TASK DETAILS:
Print every record exactly, but leave out the pictures.
"""
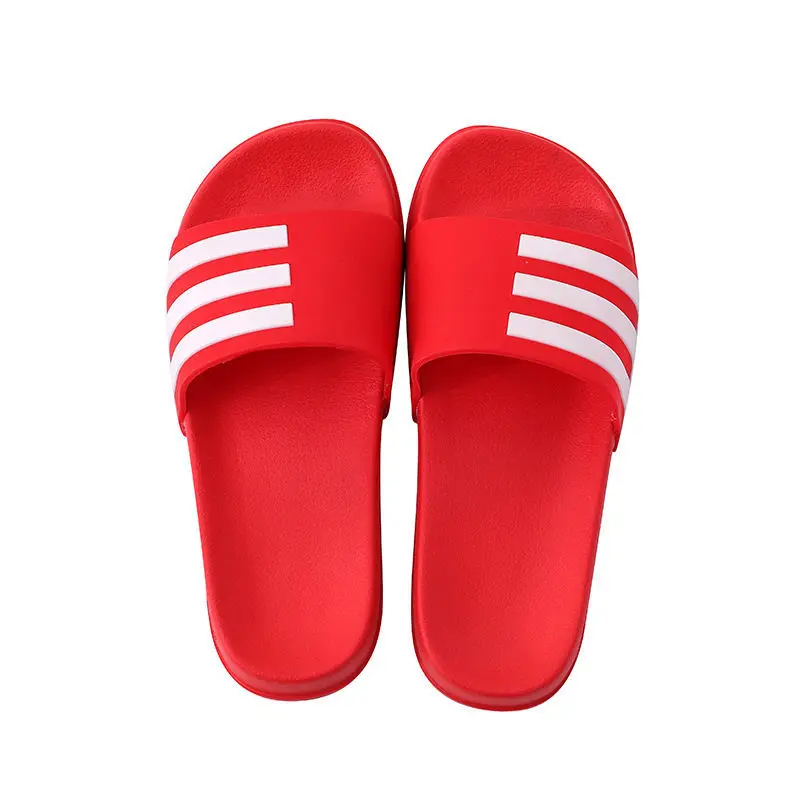 

2021 new summer slippers female summer student couples flip-flops indoor soft bottom comfortable sandals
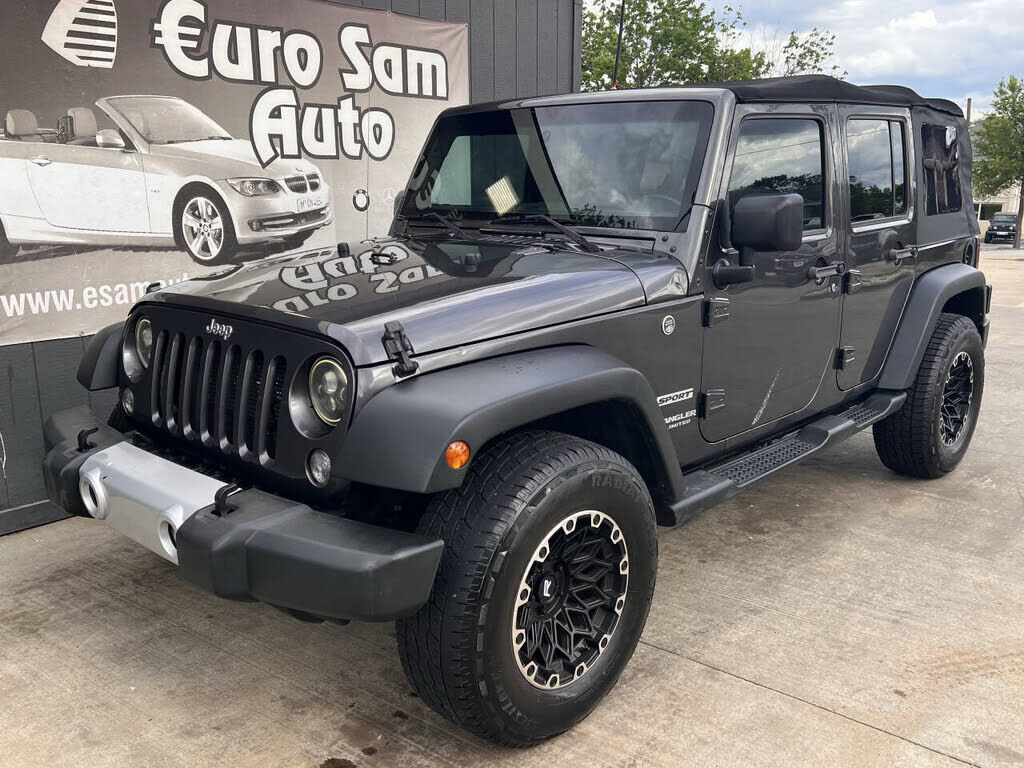 2017 JEEP Wrangler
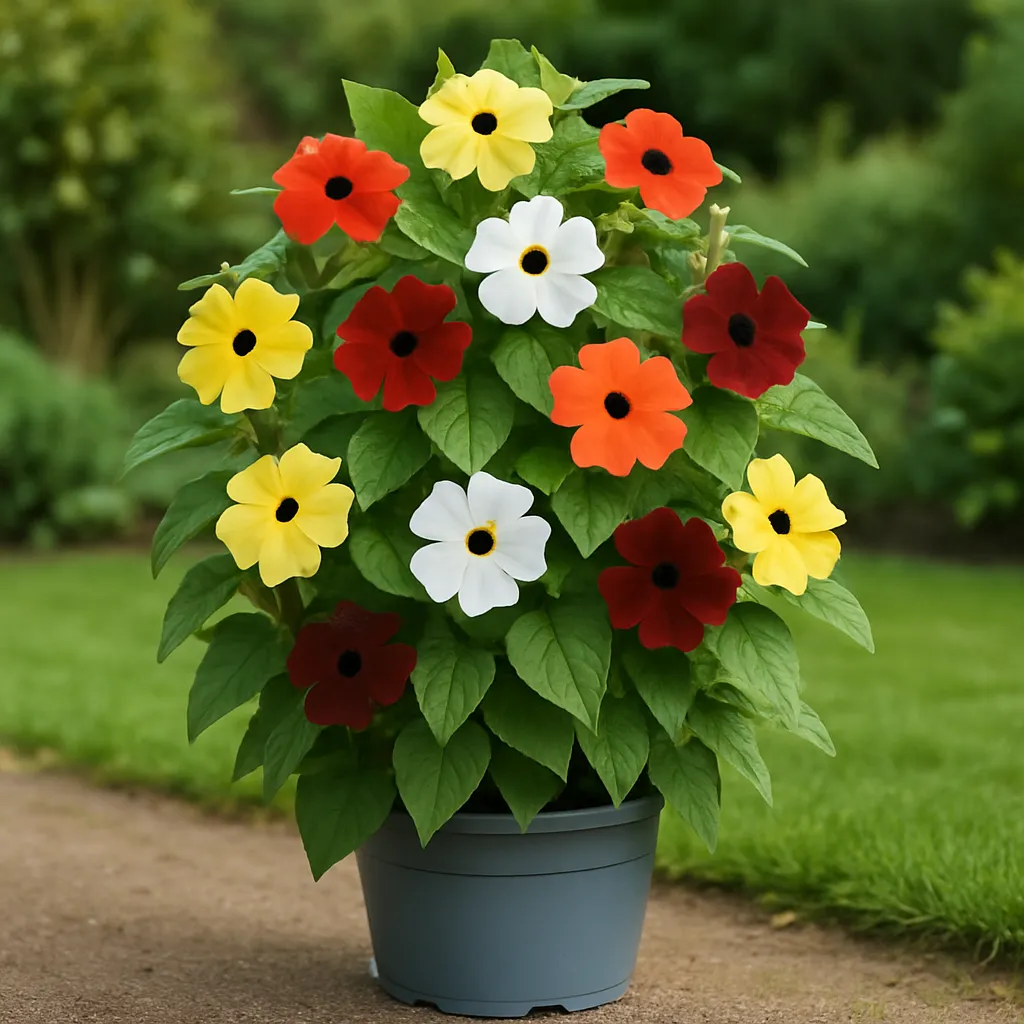 Thunbergia Quatro Colors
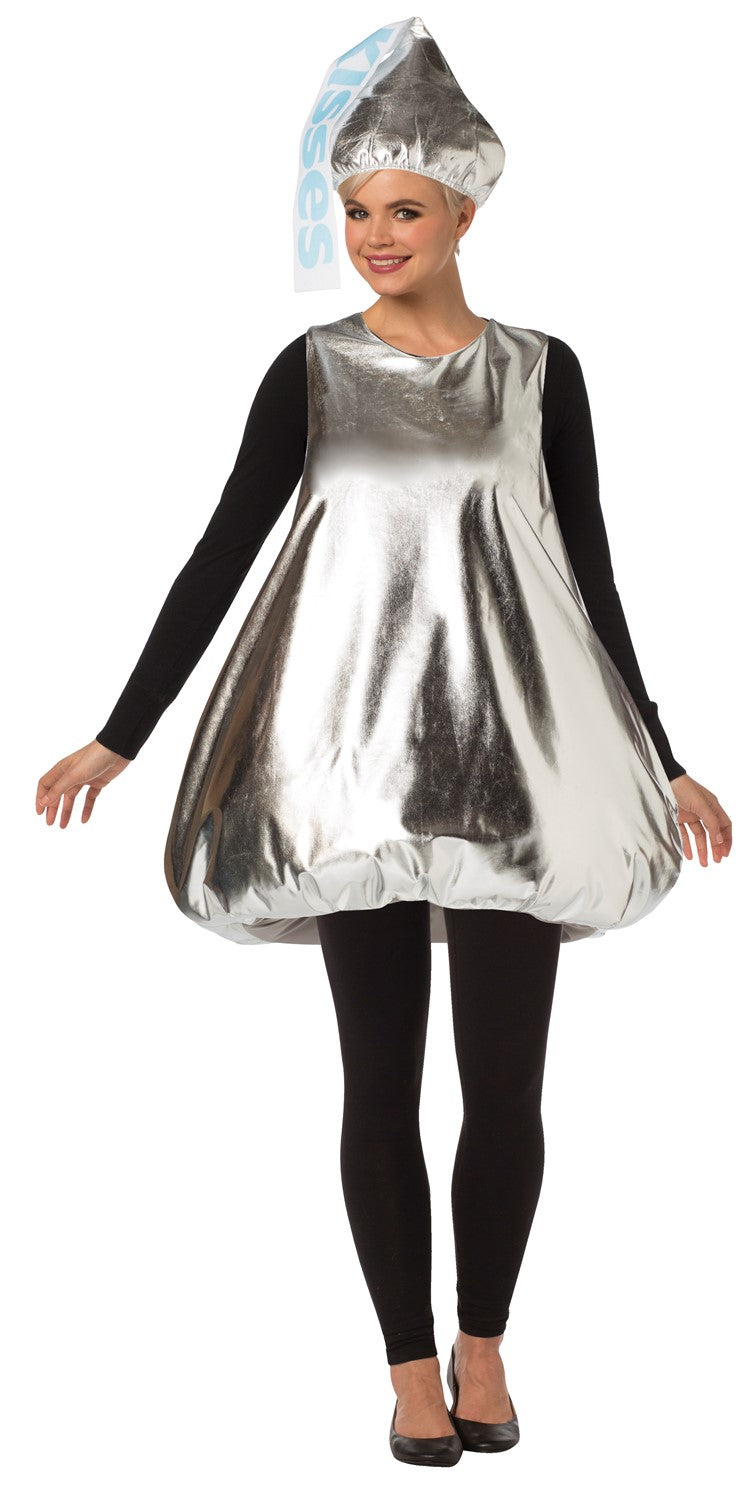 Adult Hershey's Chocolate Kiss Costume: O/S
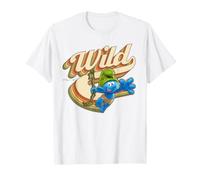 Schtroumpfs Hefty Schtroumpf Wild Jungle Adventure Tarzan Retro Amazon T-Shirt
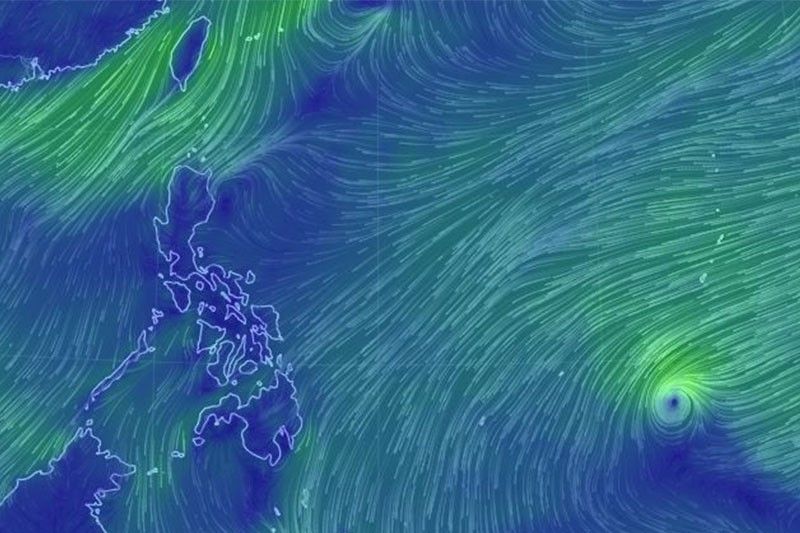 Tropical depression off Guam may enter PAR over the weekend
"""
TASK RESPONSE:
2021 new summer slippers female summer student couples flip-flops indoor soft bottom comfortable sandals
 2017 JEEP Wrangler
 Thunbergia Quatro Colors
 Adult Hershey's Chocolate Kiss Costume: O/S
 Schtroumpfs Hefty Schtroumpf Wild Jungle Adventure Tarzan Retro Amazon T-Shirt
 Tropical depression off Guam may enter PAR over the weekend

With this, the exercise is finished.